Founded in the later half of the 11th century, it belongs to the Yellow Hat Sect, founded by Tsongkhapa; a famous teacher of Tibetan Buddhism whose activities led to the formation of the Gelukpa School.

The monastery consists of a number of shrines inside its complex. Presently, it serves not just as a residence of approximately 120 Buddhist monks but also as a school, where there are almost 30 students.

"King Lhachen Gyalpo, the 5th King of Ladakh, converted his palace into monastery in the 11th century. In the 15th century, Lama Nawang Chosje a famous pupil of Tsongkhapa (founder of Gelugpa order) converted the lamas to reformed doctrines of the Gelugpa order, and thus founded the monastery afresh as a Gelugpa establishment," says Thupstan Stantar, Head Monk of Lukhil Monastery.

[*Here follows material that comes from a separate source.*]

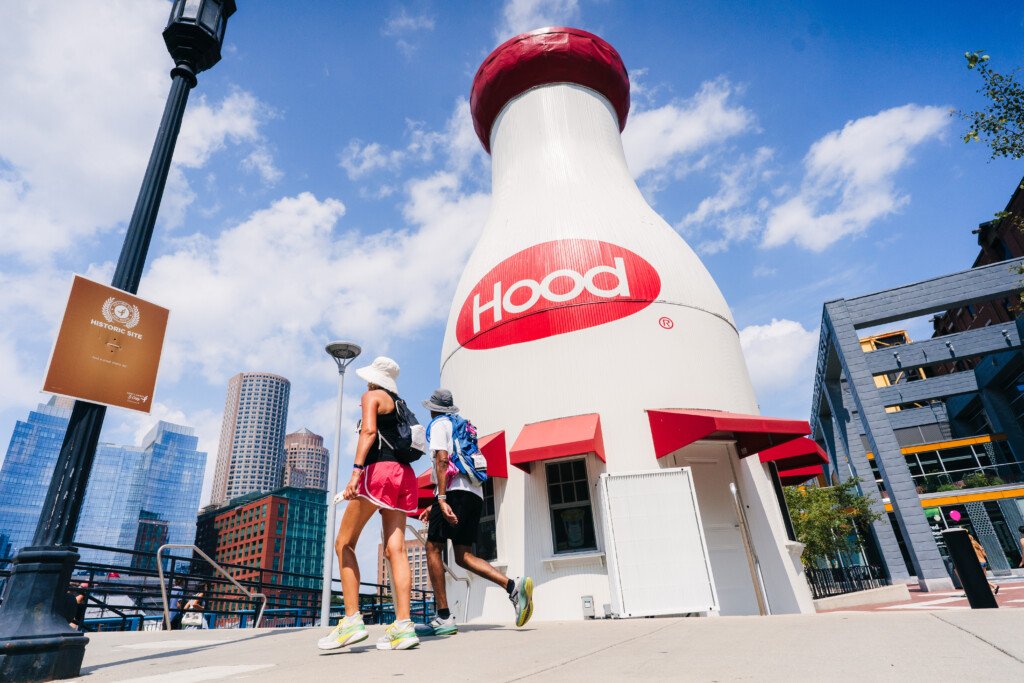 The giant Hood milk bottle along the Boston 3-Day route.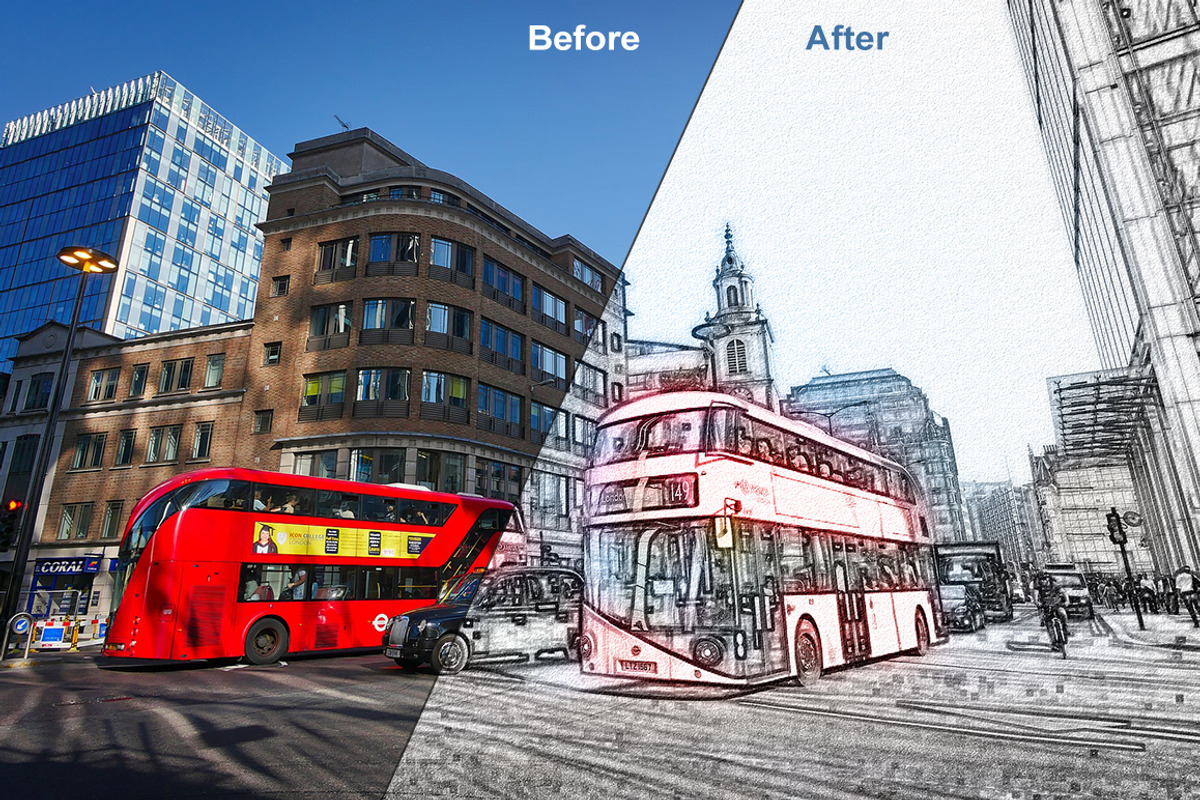 Architecture Art Sketch Photoshop Ac, an Action Add-On by designvillage (Photo 4 of 7)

It is believed that the monastery has been served by the succeeding reincarnations of Naris Rinpoche.

The two Dukhangs, or assembly halls, contain numerous statues of Bodhisattva, Amitabha (Buddha of the West), Sakyamuni (the Historical Buddha), Maitreya (the Future Buddha or Buddha of Compassion) and Tsongkhapa (Founder of the yellow-hat sect).

The main image in one of the Dukhangs is that of Avalokiteshvara, a Bodhisattva who embodies the compassion of all Buddhas, who is represented with 1,000 arms and 11 heads.

Lobzang Tharchin, a monk at Lukhil Monastery, said: "The wall painting you have seen out here are not that much old, it may be not more than 30 years old, and the monastery has two main prayer halls where all the monks of the monastery gather during the annual ritual prayers twice a year."

Every year the monastery serves as the venue of Dosmoche, one of the most popular fairs and festivals of Leh. During the event, sacred dances are also performed at the monastery.

This event takes place from 27th day to 29th day of the 12th month of the Tibetan calendar, which often corresponds with the last week of February.